_ACTIVITY_
Starting at the first line, reproduce the listing below in full, exactly as given.

◇ ◇ ◇

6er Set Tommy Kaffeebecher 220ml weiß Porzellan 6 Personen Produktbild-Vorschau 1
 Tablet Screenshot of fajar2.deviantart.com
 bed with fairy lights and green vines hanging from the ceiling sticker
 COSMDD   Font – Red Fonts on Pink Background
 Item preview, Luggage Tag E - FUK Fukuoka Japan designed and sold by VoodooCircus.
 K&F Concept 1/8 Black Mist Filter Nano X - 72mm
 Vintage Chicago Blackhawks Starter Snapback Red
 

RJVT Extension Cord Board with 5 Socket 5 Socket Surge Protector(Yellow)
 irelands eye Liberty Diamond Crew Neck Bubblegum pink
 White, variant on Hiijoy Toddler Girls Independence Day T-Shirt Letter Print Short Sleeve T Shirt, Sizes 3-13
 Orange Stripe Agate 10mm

◇ ◇ ◇

_PROBLEM SOLUTION_
6er Set Tommy Kaffeebecher 220ml weiß Porzellan 6 Personen Produktbild-Vorschau 1
 Tablet Screenshot of fajar2.deviantart.com
 bed with fairy lights and green vines hanging from the ceiling sticker
 COSMDD   Font – Red Fonts on Pink Background
 Item preview, Luggage Tag E - FUK Fukuoka Japan designed and sold by VoodooCircus.
 K&F Concept 1/8 Black Mist Filter Nano X - 72mm
 Vintage Chicago Blackhawks Starter Snapback Red
 

RJVT Extension Cord Board with 5 Socket 5 Socket Surge Protector(Yellow)
 irelands eye Liberty Diamond Crew Neck Bubblegum pink
 White, variant on Hiijoy Toddler Girls Independence Day T-Shirt Letter Print Short Sleeve T Shirt, Sizes 3-13
 Orange Stripe Agate 10mm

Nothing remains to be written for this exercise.